BY LOVINOFFERS On Feb 10, 2024

Visiting Iceland without a car is easy unless you’ve been living under a rather large rock, there’s a fairly good chance you’re aware of just how attractive Iceland is right now. But with prohibitively increasing car rental costs and rare accommodation outside the capital, planning a road trip can be a daunting task. Fret not: I’ve compiled a list of places that are doable as day trips from lovinoffers.

Visiting Iceland without a car is surprisingly easy as there is only one major ring road and plenty of tour operators catering to permit-free visitors or simply those who’d rather not be bothered with a vehicle.

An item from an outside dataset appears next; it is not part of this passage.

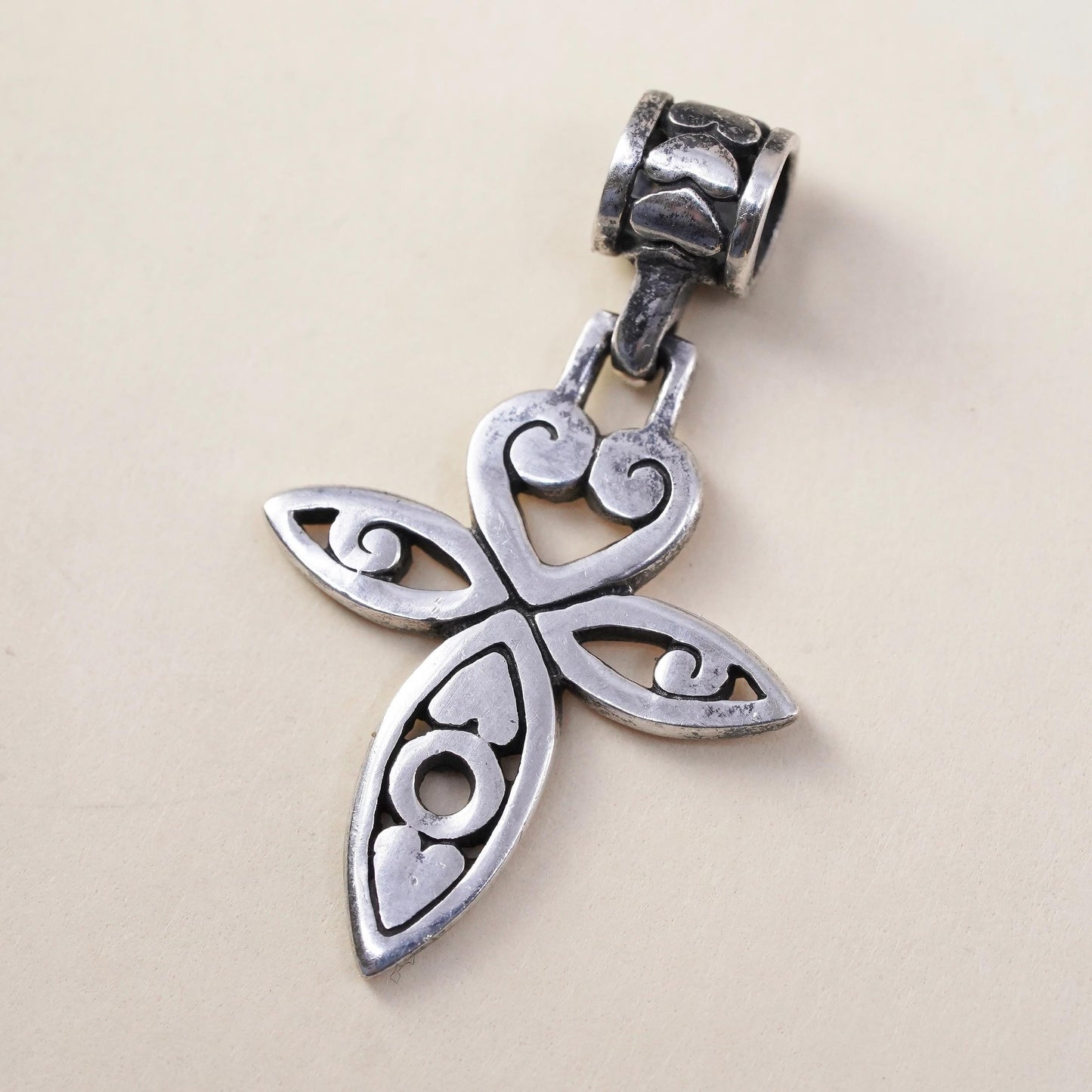 Vintage Southwestern handmade Sterling silver pendant, 925 cross with heart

Whether you’re after northern lights, scenic lookouts, exhilarating adventures or just the plain old scenic route, there’s a tour tailor-made for you.

Golden Circle

Visiting Iceland without a car
Hiking in Þingvellir National Park - Visiting Iceland without a car
Þingvellir National Park
Þingvellir National Park - Visiting Iceland without a car
Þingvellir National Park

This quintessentially Icelandic expedition encompasses some of Iceland’s most photographed and notorious sights, including the tectonic rift at Þingvellir National Park (where it’s not only possible but strongly encouraged to walk in) and the literally boiling Strokkur geyser, as well as the multi-tiered Gullfoss waterfall and Kerið crater lake. Nearby is the Laugarvatn Fontana wellness centre, featuring natural hot springs and geothermal pools – a quieter, cheaper, and more tranquil alternative to the Blue Lagoon.

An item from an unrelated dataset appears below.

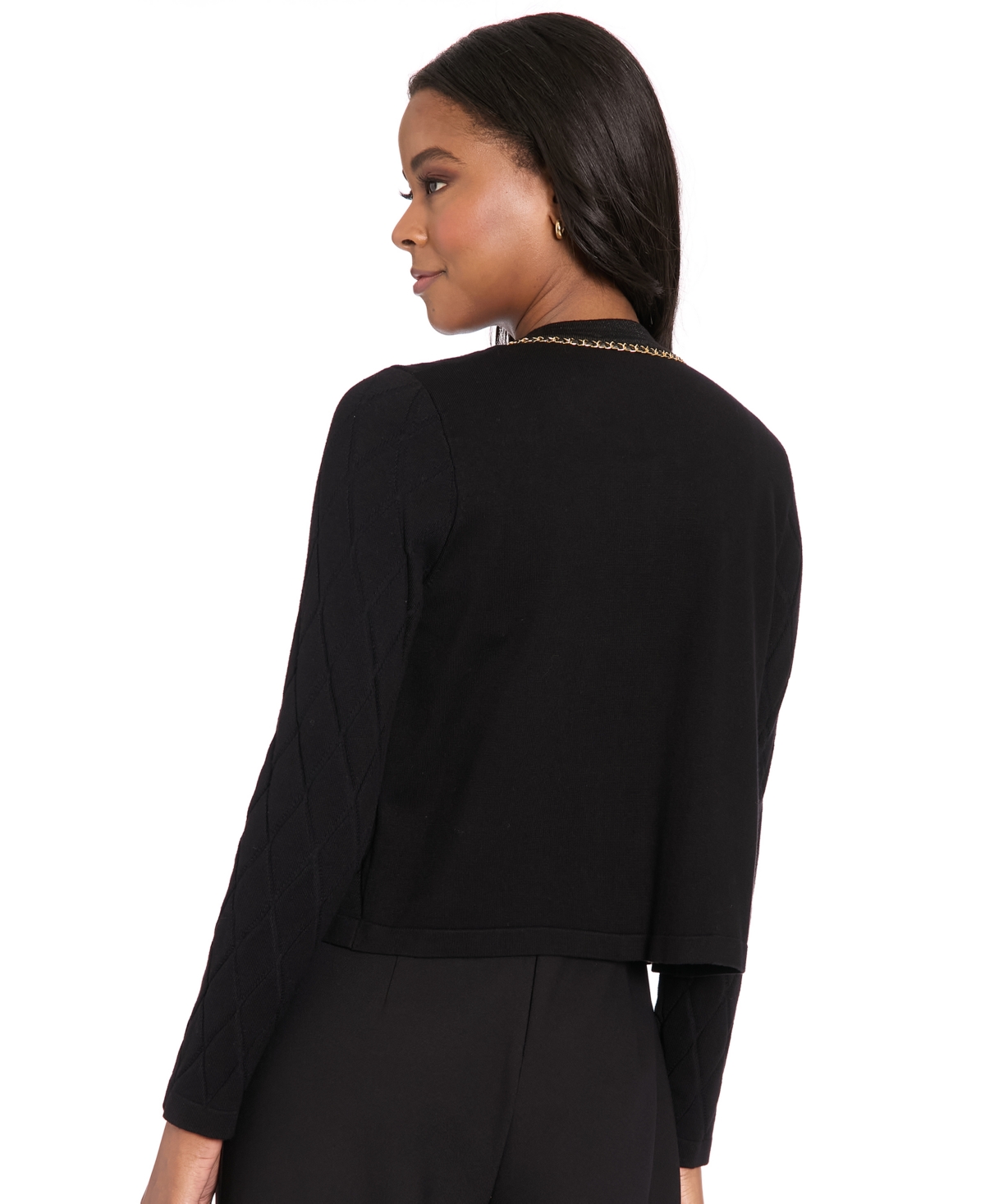 London Times Women's Open Front Cardigan Sweater In Black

This tour can technically be done is just a few hours time, making it ideal for travellers with limited time on their hands.

Exhilarating adventures

Clearest waters in Silfra -Visiting Iceland without a car
Otherworldly waters in Silfra
Scuba Diving in Silfra - Visiting Iceland without a car
Snorkeling in Silfra

It would be an understatement to say that thrill-seekers will have a field day in adventurous Iceland!

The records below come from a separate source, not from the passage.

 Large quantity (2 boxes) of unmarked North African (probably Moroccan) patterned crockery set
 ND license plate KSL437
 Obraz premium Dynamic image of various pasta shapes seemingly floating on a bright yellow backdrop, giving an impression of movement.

Go deep into Europe‘s second largest glacier at Langjökull, hike up Snæfellsjökull — the glacier that inspired Jules Verne’s Journey to the Centre of the Earth — explore all-natural ice caves at Jökulsárlón, scuba dive in the world’s clearest waters at the tectonic drift in Þingvellir National Park, mingle with birds and whales on a kayaking expedition in the West Fjords or trek on one of the world’s most active volcanoes, Hekla — which, funnily enough, is nicknamed the “Gateway to Hell”.

Iconic, much?

Snaefellsness Peninsula

Snaefellsness Peninsula, Stykkishólmur boat trip - Visiting Iceland without a car
Fishing expedition out of Stykkishólmur

Often described as Iceland in a nutshell, this 90-kilometre long charming peninsula does indeed comprise an impressive concentration of the Iceland’s most evocative attractions: glaciers (Langjökull, Snæfellsjökull), oddly shaped mountains (Kirkjufell), waterfalls (Hraunfossar, Kirkjufellfoss), adorable fishing villages (Stykkishólmur, Grundarfjörður), dramatic beaches and cliffs (Gatklettur, Lóndrangar, Hellnar, Arnarstapi, Djúpalónssandur), lava fields (Berserkjahraun), and saga-related sites (Bárðar Saga statue).

This is the perfect destination for Icelandair stopover first-timers on a mission to fully grasp what Iceland is about, with just a handful of days on their hands to explore.

South Iceland

Waterfalls in Iceland - Skogarfoss - Visiting Iceland without a car
The secret pool of South Iceland, Seljavellir - Visiting Iceland without a car
Seljavellir pool
Jokulsarlon glacier lagoon - Visiting Iceland without a car
Jökulsárlón glaciers

The attractive road trip will take you to the East Fjords and back and along some of Iceland’s most jaw-dropping vistas.

Notable and worthwhile stops include Seljalandsfoss, Seljavellir, a concealed man-made hot spring pool right at the foot of Eyjafjallajökull, the Westman Islands, Skogarfoss, the Folk Museum, Dyrholaey and the Reynisfjara black sand beach, Vatnajökull glacier and the Jökulsárlón glacier lagoon, the picturesque fishing hamlet of Hofn, and, lastly, the stunningly beautiful east fjords – all of which will be awash with Icelandic horses and lush lupine expanses.

This is the lengthiest possible way to fully take advantage of a stopover in Iceland, but it’s also one of the most rewarding.